The Gold Medal building is a historic factory complex in Racine, Wisconsin. The three-story brick-walled mill-type was built between 1894 and 1924. The Wisconsin Historical Society describes the complex as "one of the best remaining examples of a mill-type factory building" in the state.

==History==
The Racine Camp Furniture & Novelty Manufacturing Co. was founded in 1890, to manufacture furniture for camping such as tents, folding chairs, and sleeping bags. Supposedly, after the company's furniture won a gold medal at the 1893 World's Fair exhibition in Chicago, the name was changed to the Gold Medal Camp Furniture Company. However, no gold medals were actually awarded at the fair, and there is evidence of the company using the Gold Medal name earlier. The company made the standard cots for the United States military and National Guard, and also created the modern director's chair after its No. 35 folding chairs became popular in Hollywood.

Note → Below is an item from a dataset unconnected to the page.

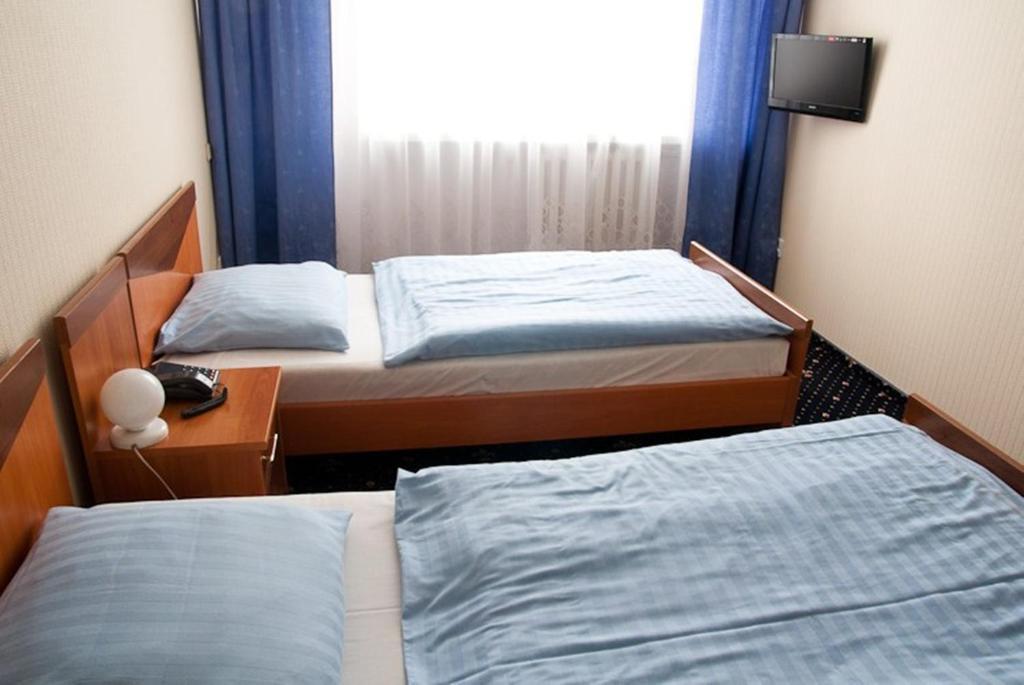 Hotel Naramowice Poznań Quarto foto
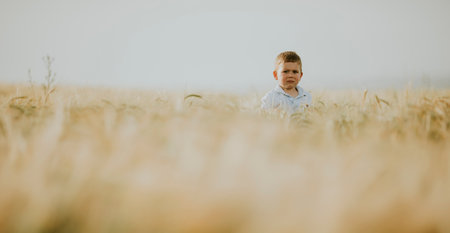 Scared little boy in the summer fieldの写真素材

In 1979, Gold Medal established a second manufacturing plant in Baxter, Tennessee. In 1986, the company decided to consolidate its operations in the face of increased competition from overseas, and closed the Racine plant. In 2019, the complex was listed on the National Register of Historic Places at the request of its owner, development firm J. Jeffers & Co., which is currently in the process of converting the historic buildings into an apartment building called Gold Medal Lofts.